Understanding Authoritarianism in the Middle East:
What Can Interpretive Political Science Contribute?
Daniel Neep
Directeur du CBRL à Damas
Mercredi 7 décembre 2011, à 18h
IFPO-Amman Jabal Amman, entre le 3e et le 4e cercle, rue Abu Firas Al-Hamadani, immeuble 16, en face de l'hôpital Farah.
Wednesday 7th December 2011, at 6 p.m. at IFPO-Amman
Over the past decade, one question has dominated the study of the Middle East in political science: Why do authoritarian regimes survive? In the aftermath of the Arab uprisings of 2011, this question seems to have lost much of its importance. But why was it that political scientists failed to anticipate the Arab spring? Did a focus on authoritarian survival cause them to neglect the green shoots of grassroots mobilization? In this lecture, I argue that the shortcomings of political science exist not in its study of authoritarianism as such, but in the models of social science that dominate the discipline. I suggest that an interpretive approach, which privileges culture, meaning and reflexivity, does not simply offer a thicker description of authoritarian politics; it allows political scientists to understand authoritarianism in innovative new ways. Building on debates in the methodology and philosophy of the social sciences, in this lecture I outline a new approach for empirical research on authoritarianism in the Middle East.

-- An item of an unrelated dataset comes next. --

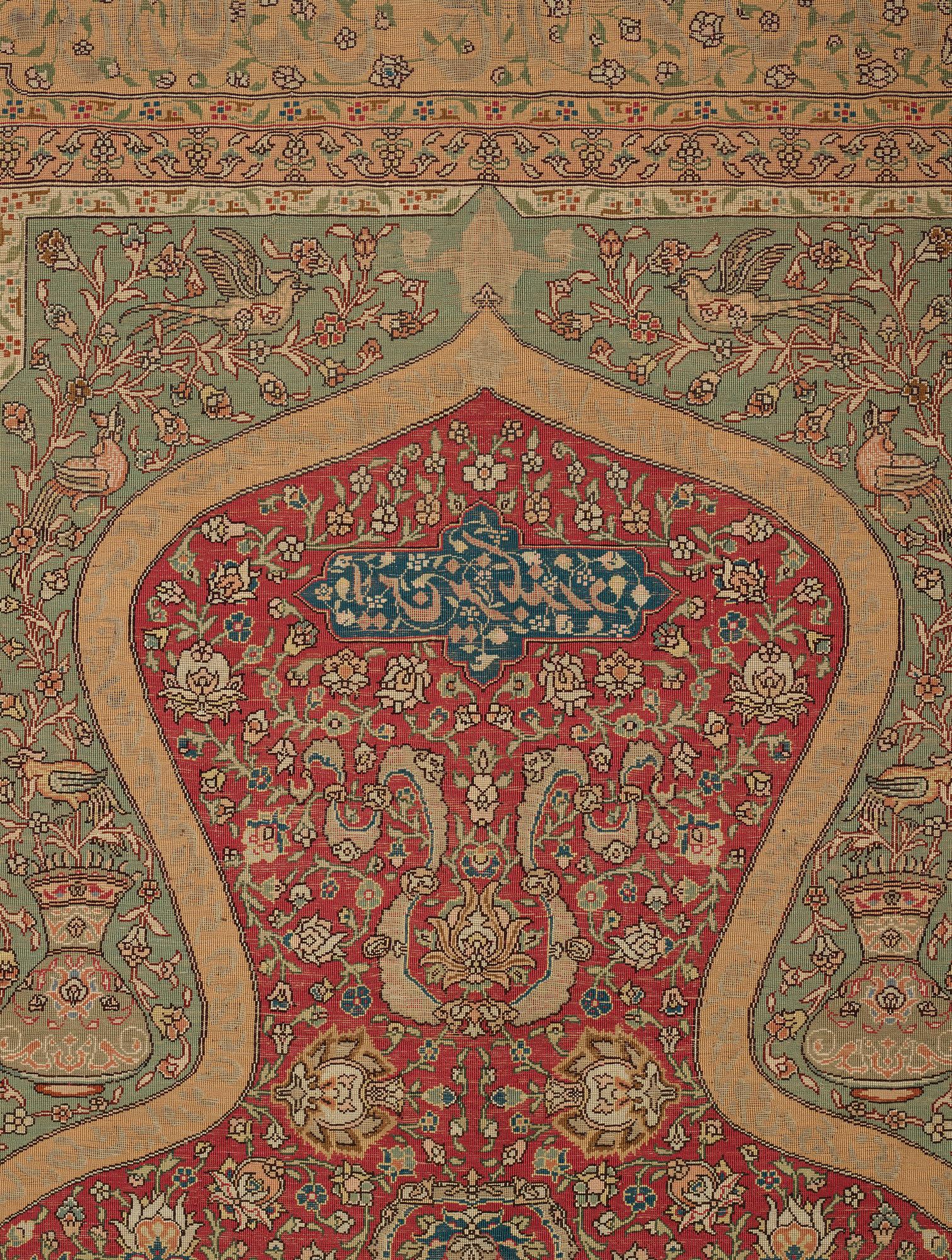 Matta, antik silke Kum Kapi med metallbroschering, Istanbul omkring 1910, "Sultan's Head Prayer" design.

Daniel Neep is Research Director (Syria), Council for British Research in the Levant and Lecturer in Middle East Politics, University of Exeter. His book, Occupying Syria: Insurgency, Space and State Formation under the French Mandate, will be published with Cambridge University Press in 2012. His research interests include state-society relations, authoritarianism, interpretive social science, and the production of social knowledge in the Middle East.